After I download the new data, I run a single shell script which starts my top 15 classifiers (including multiple iterations of Random Forest, Logistic Regression, Gradient Boost, Neural Network, and even Linear Regression). Within a couple minutes they all finish and write their predictions to a CSV with the same name as the classifier. Then the shell script kicks off my ensembles, which simply take all the CSVs and combine the prediction columns with various weightings. Using just 15 classifiers, I can create hundreds of uniquely weighted ensembles almost instantly, as all that needs to be done is take the set of 15 prediction columns, weight them according to some array of 15 integers, take the weighted average, and write the new set of predictions to another CSV. By following this methodology, I can actually improve my accuracy (as the different classifiers balance out each others' weaknesses) and provide myself with hundreds of options to submit in a very short period of time. This means that, even if I'm not the first one to submit and I'm unable to pass the originality check on my first try, I can generally iterate through high-quality options much quicker than most. So, within the first 10-15 minutes I can usually get 3 very solid submissions in. Then i get to relax.

Conclusion

I'm hooked. If you're a data scientist, or just interested in giving it a try, I highly recommend Numerai. It's a great way to improve your skill set and get some real practice as a data scientist, and there's a ton of money to be made if you do a good job. As far as the NMR token, I don't have a very good sense of whether it will go up or down. There are actually some very interesting mechanics going into that which I can discuss in a later post. I'll continue to provide more updates on my results and experiences with Numerai as I go. Thanks for reading! Please give me an upvote and a resteem if you made it this far :)

Sort:  

Great. Looking forward to know more about your experience with numerai. I have attempted to participate but the few ideas I've tried have not shown promising results

Cool! Wasn't sure if any other Numerai users would actually see this. I didn't get too deep into the technicals on this post, but might consider posting some more detailed examples later

Soy trending https://steemit.com/@jhoshua1144 ya tienes mi upvote dejame tu upvote y yo te lo devolvere gracias por el apoyo,

Interesting!

Great article! I thought about entering this as I find the idea intriguing.

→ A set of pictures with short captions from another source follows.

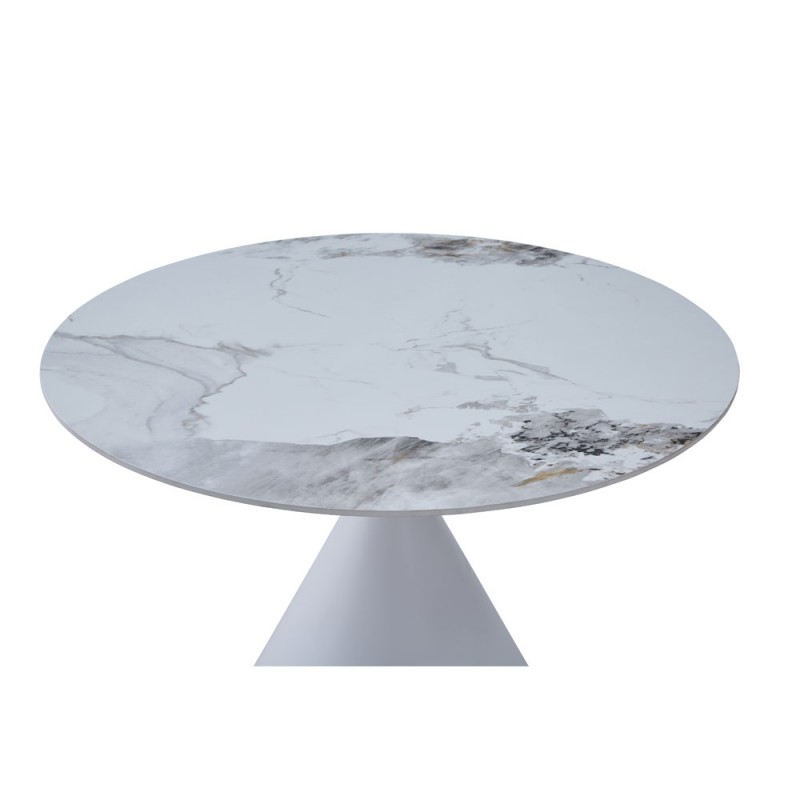 ATRIUM ΤΡΑΠΕΖΙ ΛΕΥΚΟ ΜΕ ΟΨΗ ΜΑΡΜΑΡΟΥ 110x110x76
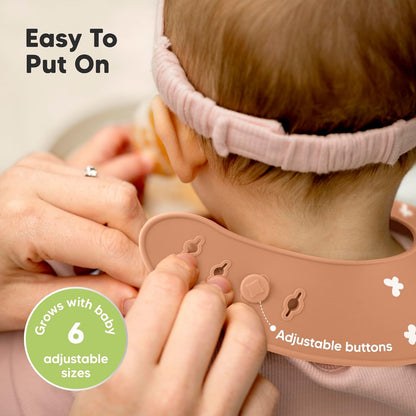 KeaBabies 2-Pack Silicone Baby Bibs for Eating - Sturdy Food-Grade Silicone Bibs for Babies Girl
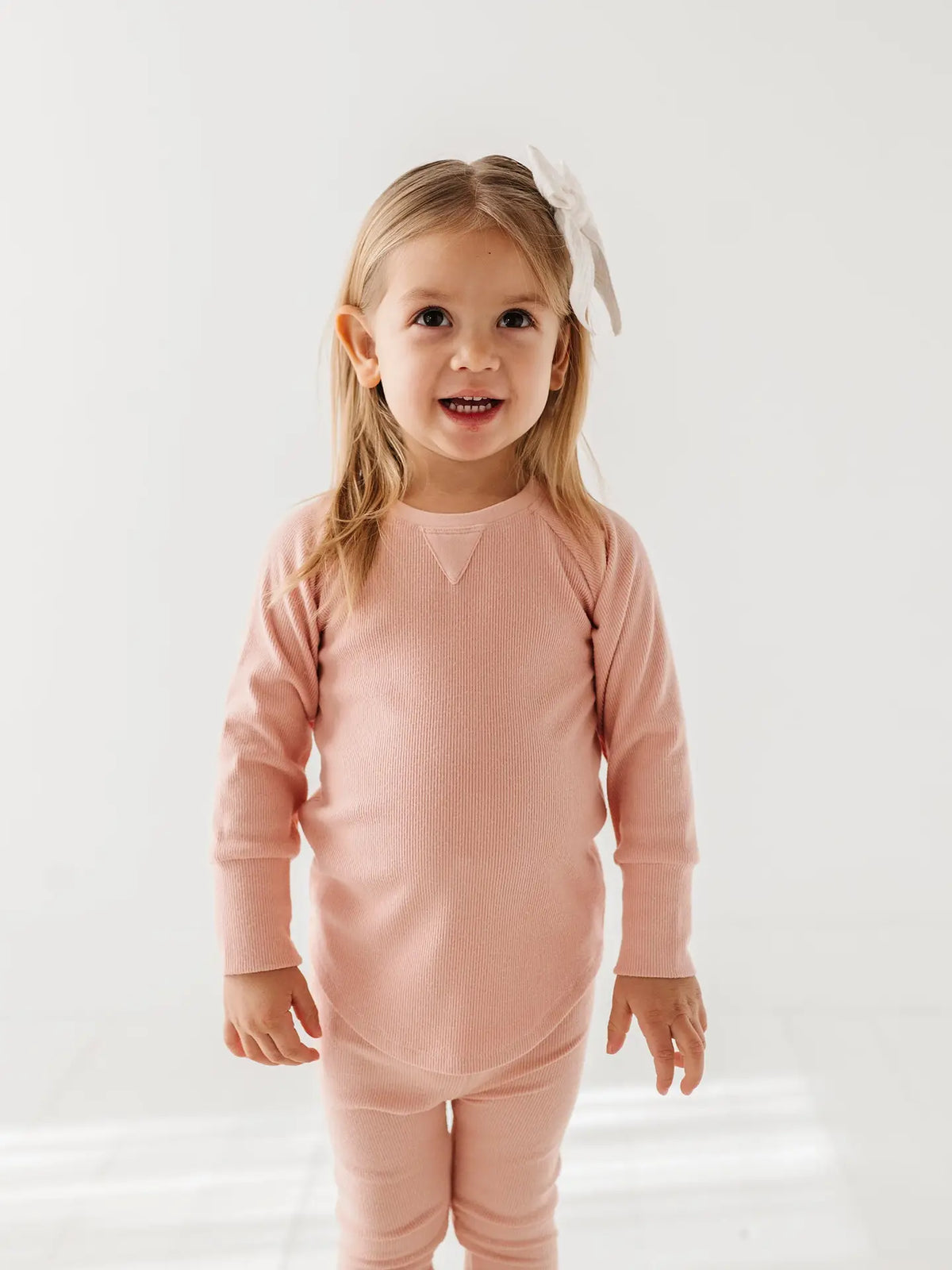 Misty Rose Ribbed Bamboo Long Sleeve
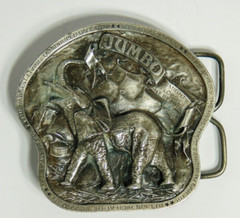 Jumbo Elephant western belt buckles pewter 1978 Bergamot Brass Works 3 inch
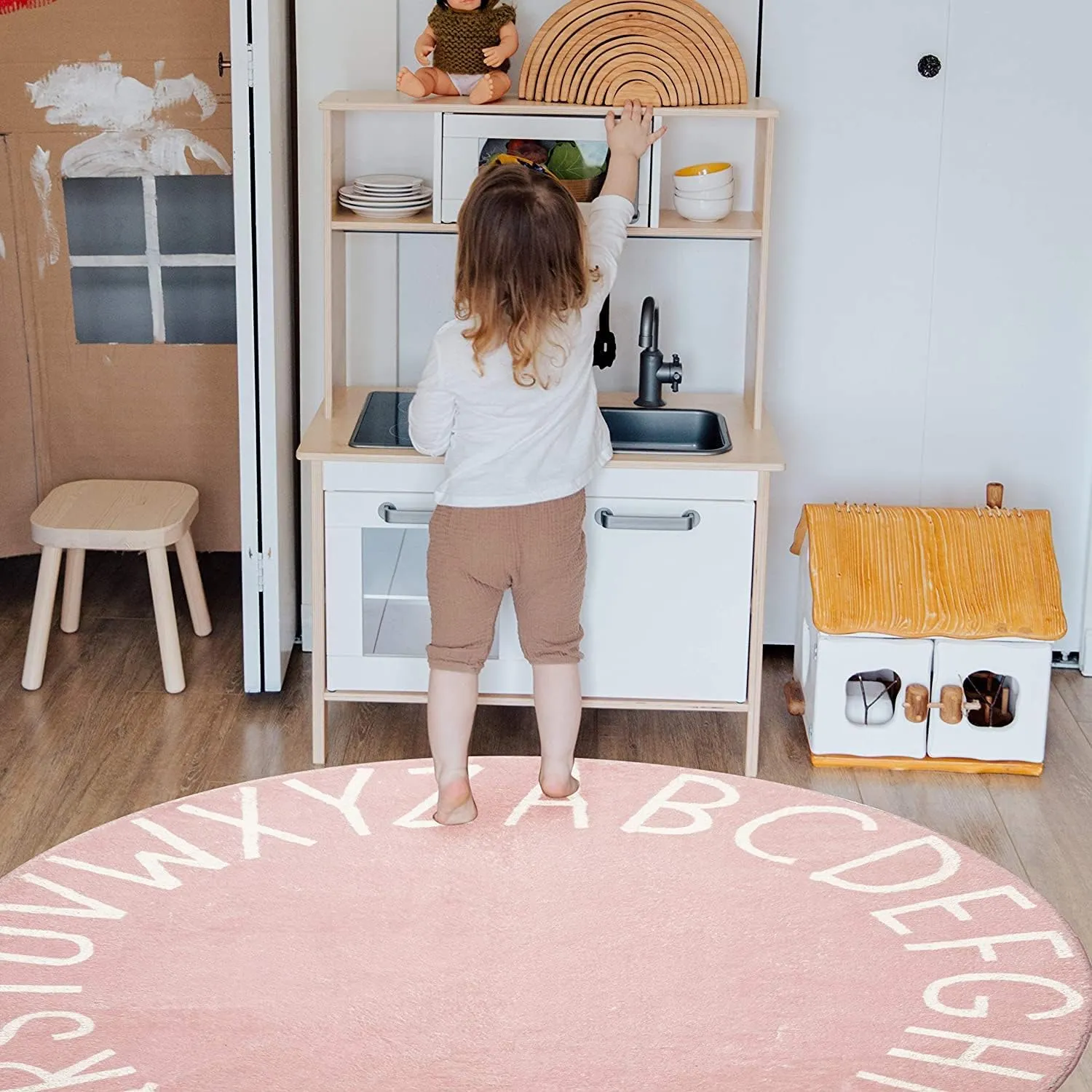 Topotdor Round Kids Play Rug Alphabet Nursery Area Rug Extra Large Soft Crawling Play Mat for Children Toddlers Bedroom (71 inch, Pink)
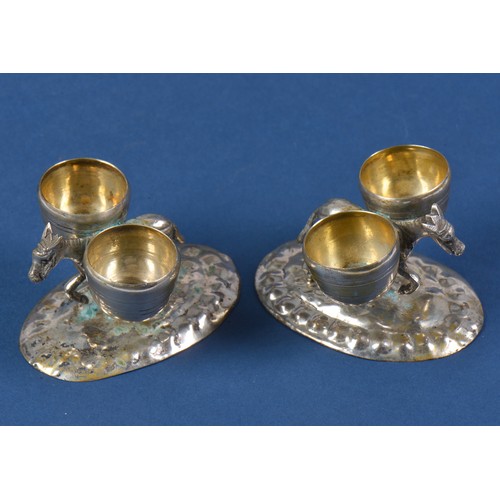 41 - A Pair of Chinese Silver Table Salt Cellars designed as Donkeys with Baskets. Marked MK80. Weighing:... 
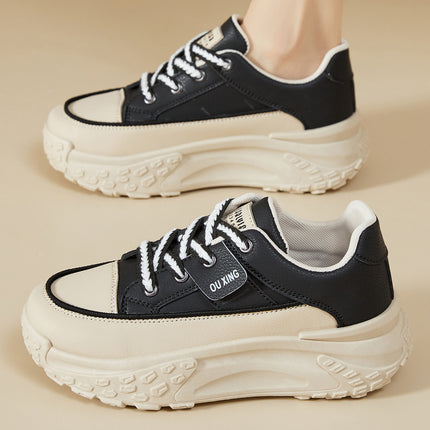Women's Shoes with Thick Soles and Height-Increasing Shoes, New Trendy Versatile Canvas Shoes, Shallow Fashion Shoes, Women's Lace-Up Comfortable Shoes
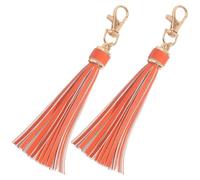 Nappe in Pelle,Tassel Keychain Pendenti Leather, per Decorations Auto Chiave Telefono Handbag Backpack,Artigianali Fai da Te Decor Produzione (Arancione)
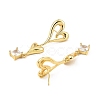 Rack Plating Brass Heart Dangle Stud Earrings with Cubic Zirconia EJEW-L261-009G-2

The payouts seem to have gone up since I last investigated so maybe I'll take another look! It sounds like it needs an industrialised solution though if it comes down as much to speed as mathematics. Thanks for posting!

I just wish I had gotten in before they did their initial coin distribution (wasn't really an ICO). They distributed 1 million NMR to 12,000 data scientists

Just based on their performance, no financial investment needed

I saw. Plenty of wishes like that in the crypto space though! Hopefully still some opportunities left to come!

How would you suggest a complete newbie start in learning to do this?